Caml Spotting

2017年3月24日金曜日

A Glitch of Lwt.cancel

Lwt.cancel cannot cancel the thread in which itself is running in lwt.2.7.0. The following code demostrates what I mean:

(* ocamlfind ocamlopt -linkpkg -package lwt,lwt.unix x.ml *)

open Lwt

module Test1 = struct
let self = ref None

let from_some = function
| Some x -> x
| None -> assert false

let s =
pause () >>= fun () ->
cancel (from_some !self);
prerr_endline "cancel called";
pause () >>= fun () ->
prerr_endline "direct cancel cannot cancel itself";
return ()

let () =
self := Some s;
prerr_endline "set";
Lwt_main.run @@ s
end

module Test2 = struct
let self = ref None

let from_some = function
| Some x -> x
| None -> assert false

let s =
pause () >>= fun () ->
async (fun () ->
pause () >>= fun () ->
cancel (from_some !self); (* should give an exception Canceled *)
prerr_endline "cancel called";
return ());
pause () >>= fun () ->
prerr_endline "not dead";
return ()

let () =
self := Some s;
prerr_endline "set";
Lwt_main.run @@ s
end

TEST1 cannot cancel itself: cancel has no effect. TEST2, however, can. Only the difference is the existence of async and pause:

async (fun () -> pause () >>= fun () -> cancel <self>)

I do not fully understand why this difference we have, but the key seems to be call Lwt.cancel from another thread.

The updated code is found at: https://bitbucket.org/camlspotter/lwt_cancel_glitch

2015年4月23日木曜日

Recover the good old C-x C-b (list-buffers) behaviour around Emacs 24.4 and later

Something has been changed around Emacs 24.4: my favorite C-x C-b (list-buffers) no longer works as before. It displays the buffer menu in a random window. Which windows is chosen is almost undeterministic and no way to predict. Sometimes the current window is selected. :-(

This change is awful to me who built a special neuro circuit for Emacs. I often did:

C-x C-b to display the buffer list in another window than the current
then immediately C-x o to move the cursor from the current window to the buffer list.

I can type these strokes in 0.5secs and this worked fine since what happened with C-x C-b was almost predictable. 24.x ruined it.
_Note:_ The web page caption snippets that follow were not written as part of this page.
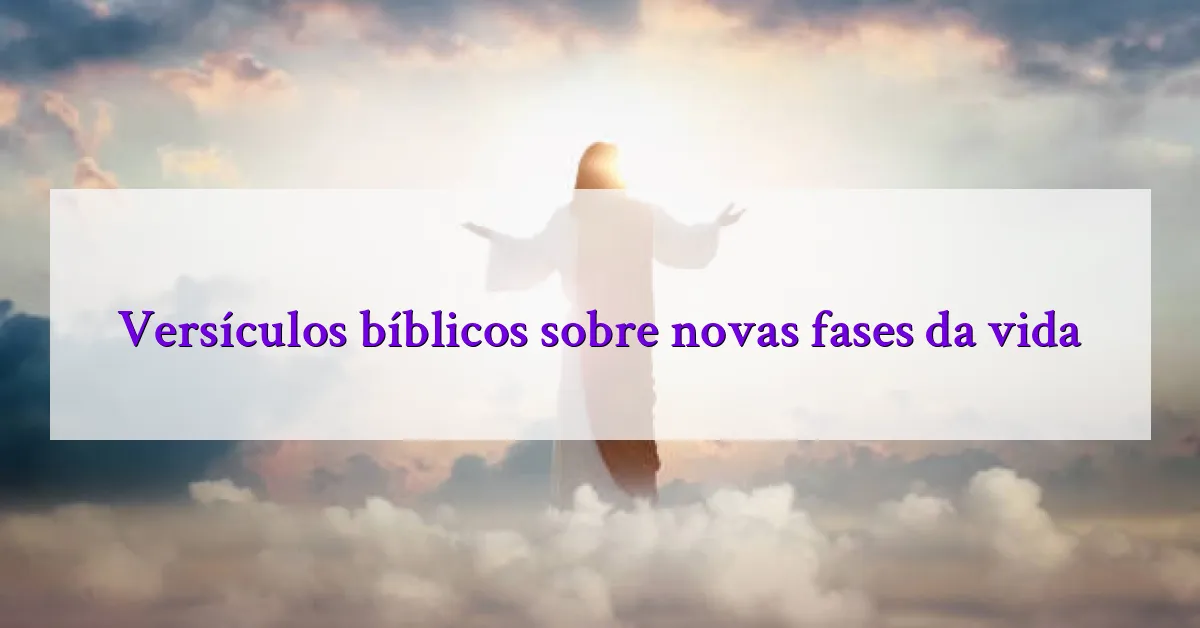 Versículos bíblicos sobre novas fases da vida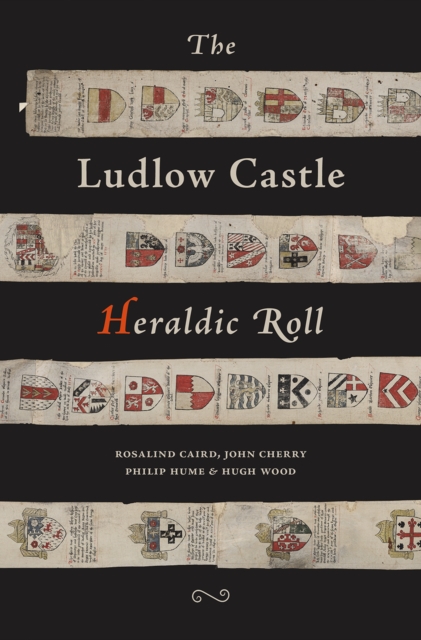 The Ludlow Castle Heraldic Roll, Paperback / softback Book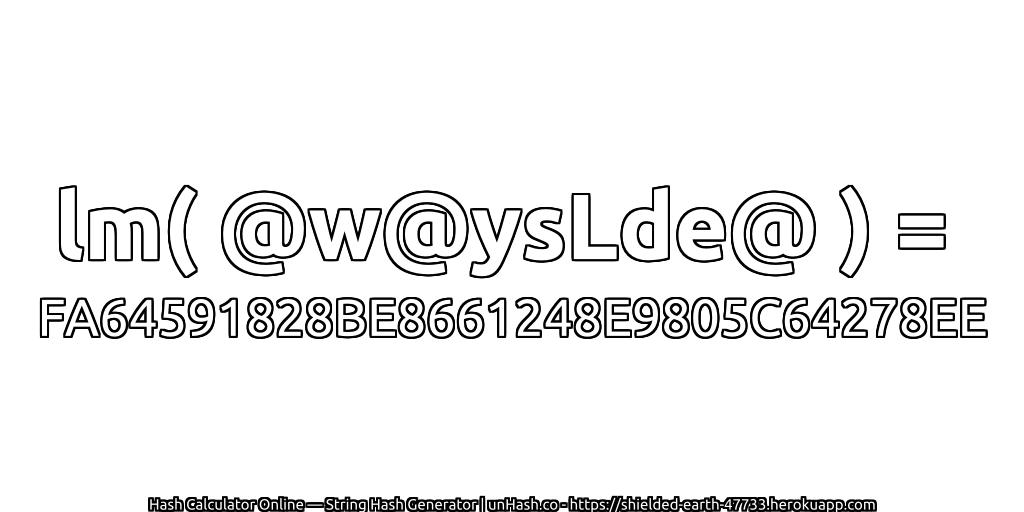 lm( @w@ysLde@ ) = FA64591828BE8661248E9805C64278EE | unHash.co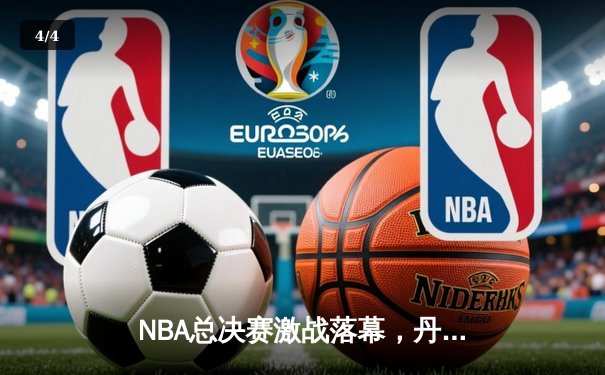 NBA总决赛激战落幕，丹佛掘金4-1战胜迈阿密热火首夺总冠军 - 4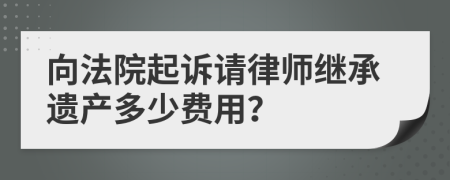 向法院起诉请律师继承遗产多少费用？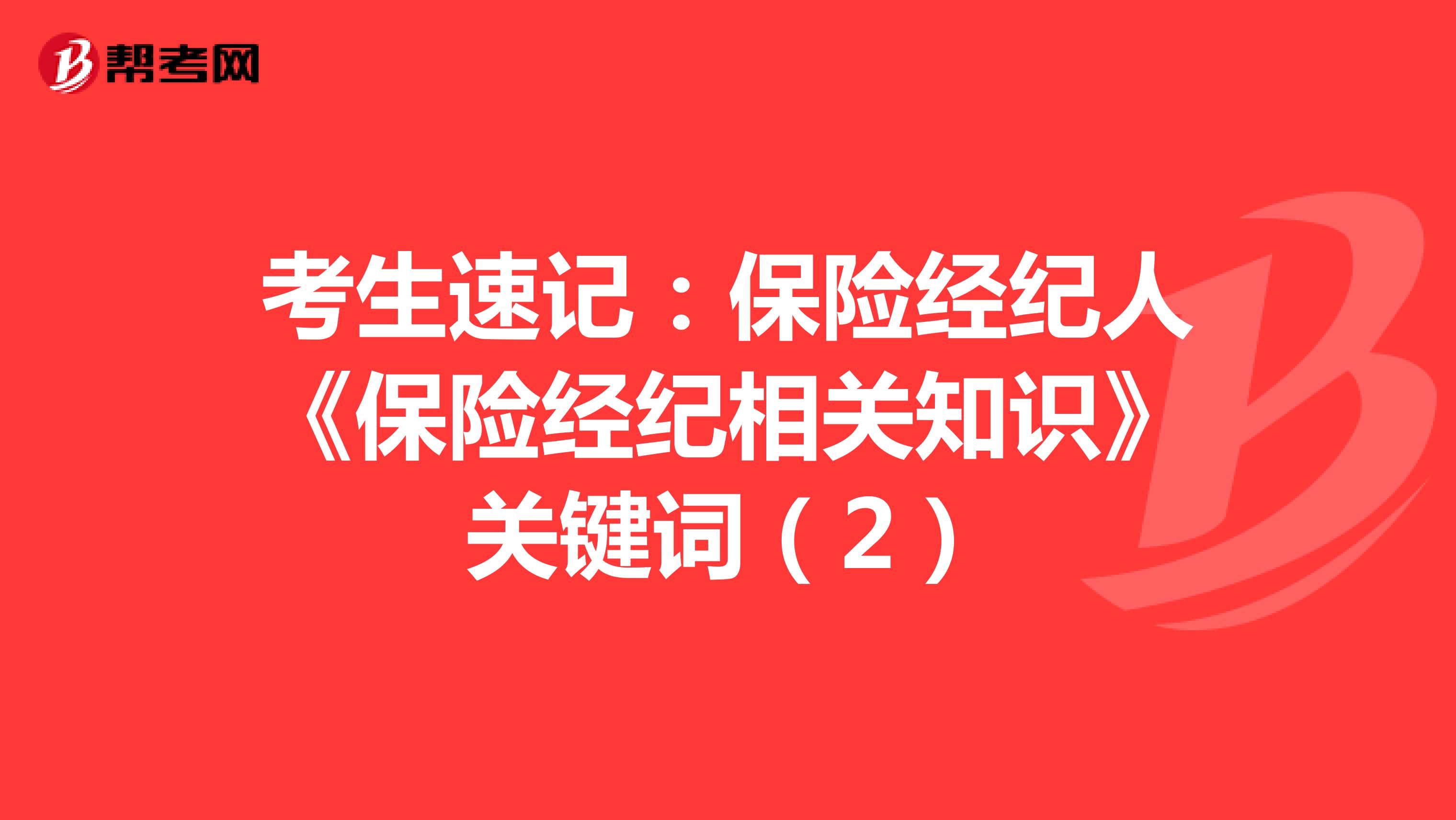 考生速記:保險經紀人《保險經紀相關知識》關鍵詞(2)_保險從業考試_幫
After long investigation, finally I found a way to recover the good old behaviour of C-x C-b (or at least something pretty similar):

(defun good-old-list-buffers () (interactive) (display-buffer (list-buffers-noselect))) (global-change-key (kbd "C-x C-b") 'good-old-list-buffers)

This is it. I hope this helps some other Emacs users.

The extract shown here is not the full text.